In the breeding sector, biotechnology and other new technologies can revolutionize the seed industry by making it possible to breed seeds for various growing conditions, such as drought tolerance. In the commercial sector, biotechnologies are used to develop better quality varieties of existing crop products and produce agricultural commodities not previously grown commercially on a large scale.
In recent years, agricultural biotechnology has completely transformed farming worldwide, and it is now a major industry in itself. It is about applying the same principles of genetics and molecular biology to increase the quality, quantity, or variety of agricultural and horticultural production.
Crop genomics is a subfield of agricultural biotechnology involving modern genotyping and next-generation sequencing technologies to identify genetic variation within and between crop species. Crop genomics can identify specific genes that confer plant traits, such as disease resistance or better nutrient uptake, which enables targeted breeding programs to produce crops that are more tolerant to environmental stress factors.
Scientists have developed a technology called CRISPR, which is the acronym for "clustered regularly interspaced short palindromic repeats." Experts say CRISPR can edit genes with much more precision than ever before, allowing scientists to use this tool to improve certain plant traits, such as fruit size or drought tolerance without introducing foreign DNA.
"The most prominent technology driving innovation and discovery in the agbiotech market, which most people are now familiar with, is CRISPR," said Kristi Snell, Ph.D., the chief scientific officer of Yield10 Bioscience, a Massachusetts-based agricultural biotech company, in an interview with GEN Magazine, adding that the new technology will eliminate years needed to achieve the same results through traditional methods.
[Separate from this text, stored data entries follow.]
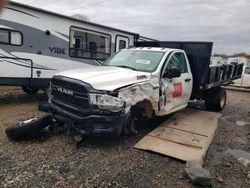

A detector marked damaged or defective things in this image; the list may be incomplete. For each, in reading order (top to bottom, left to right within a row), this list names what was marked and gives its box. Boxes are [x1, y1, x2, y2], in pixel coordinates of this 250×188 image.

crushed front bumper [41, 102, 127, 136]
crumpled hood [56, 65, 150, 90]
broken headlight [89, 93, 125, 112]
damaged white truck [4, 41, 243, 139] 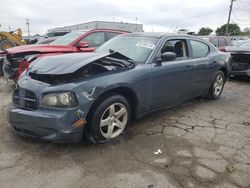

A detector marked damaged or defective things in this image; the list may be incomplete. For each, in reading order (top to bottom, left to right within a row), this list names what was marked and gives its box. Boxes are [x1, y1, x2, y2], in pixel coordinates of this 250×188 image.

car body damage [225, 46, 250, 76]
damaged headlight [41, 92, 78, 108]
damaged gray sedan [7, 33, 230, 143]
crumpled front bumper [7, 103, 85, 142]
cracked asphalt [0, 76, 250, 188] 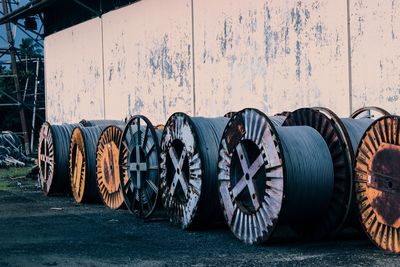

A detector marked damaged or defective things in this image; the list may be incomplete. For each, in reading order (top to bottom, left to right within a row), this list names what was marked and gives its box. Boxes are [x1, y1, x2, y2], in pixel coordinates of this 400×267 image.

paint chipped surface [43, 18, 104, 124]
paint chipped surface [101, 0, 193, 124]
paint chipped surface [194, 0, 350, 117]
paint chipped surface [350, 0, 400, 115]
rusty metal spool [38, 122, 79, 196]
rusty metal spool [69, 126, 106, 204]
rusty metal spool [95, 126, 125, 210]
rusty metal spool [118, 116, 162, 219]
rusty metal spool [159, 112, 228, 228]
rusty metal spool [217, 109, 332, 245]
rusty metal spool [354, 116, 400, 254]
Crop genomics has helped us understand the DNA of plants to make them more resistant to pests and environmental factors like drought and heat waves. This technology is revolutionizing agriculture as we know it by speeding up breeding cycles, improving crop yields and reducing land use per pound of product produced.
"We are in an exciting time for crop genomics, with increasing diversity and innovation in study design and approach," wrote Nature Genetics, a monthly journal on genetics, in an editorial last year. " Genome-editing tools have been utilized in crop species to target desired genes and improve agricultural traits."
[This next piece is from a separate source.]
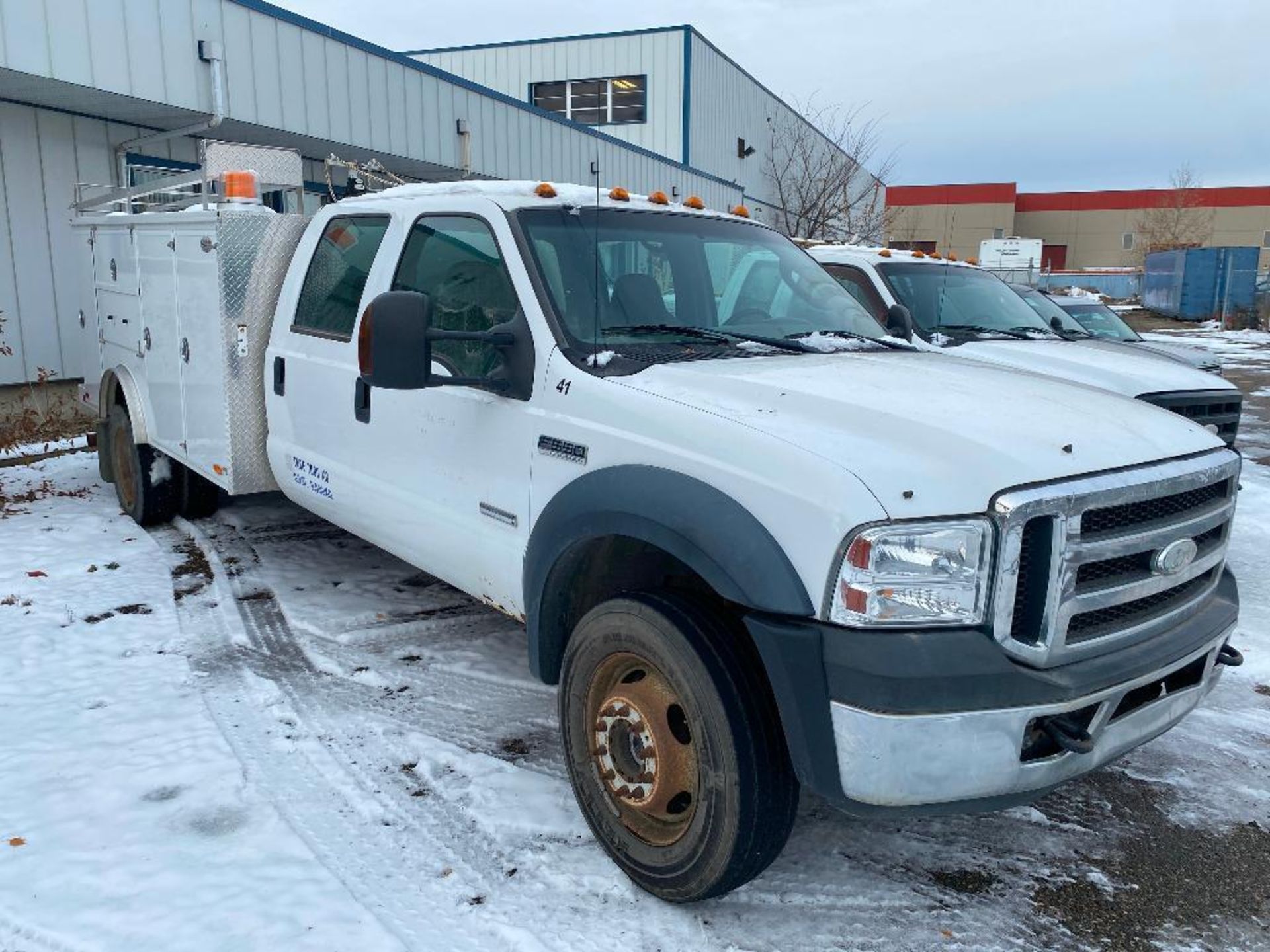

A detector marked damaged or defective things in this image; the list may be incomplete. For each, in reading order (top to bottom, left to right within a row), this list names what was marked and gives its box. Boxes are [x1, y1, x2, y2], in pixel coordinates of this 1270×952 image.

In other words, with companies now able to sequence the DNA of certain crops, farmers will be able to access information about which genes make those plants more resilient and disease resistant.
In conclusion, the global agricultural sector is one of the economic sectors that has a considerable impact on food security, rural development, environmental sustainability and climate change mitigation. It also accounts for nearly 30% of employment globally. The good news is that investors continue to pour money into producing new cutting-edge technologies to improve this sector. In 2020, more than $26 billion was invested in agriculture and food technology startup companies.
Last year, consultants McKinsey & Company published a major report saying that if the agriculture sector were to embrace artificial intelligence and other innovative technologies, "the industry could tack on $500 billion in additional value to the global gross domestic product by 2030."
More needs to be done to highlight and promote these latest technologies to farmers as most seem unaware or unable to take advantage of the scientific advances in their industry.
"Most farmers aren't aware of the benefits of these types of technologies," wrote Dmytro Lennyi, an agritech expert in an article for AFN. "The challenge for agritech companies is not only [the] improvement of existing solutions, but helping farmers learn how to use them," he added.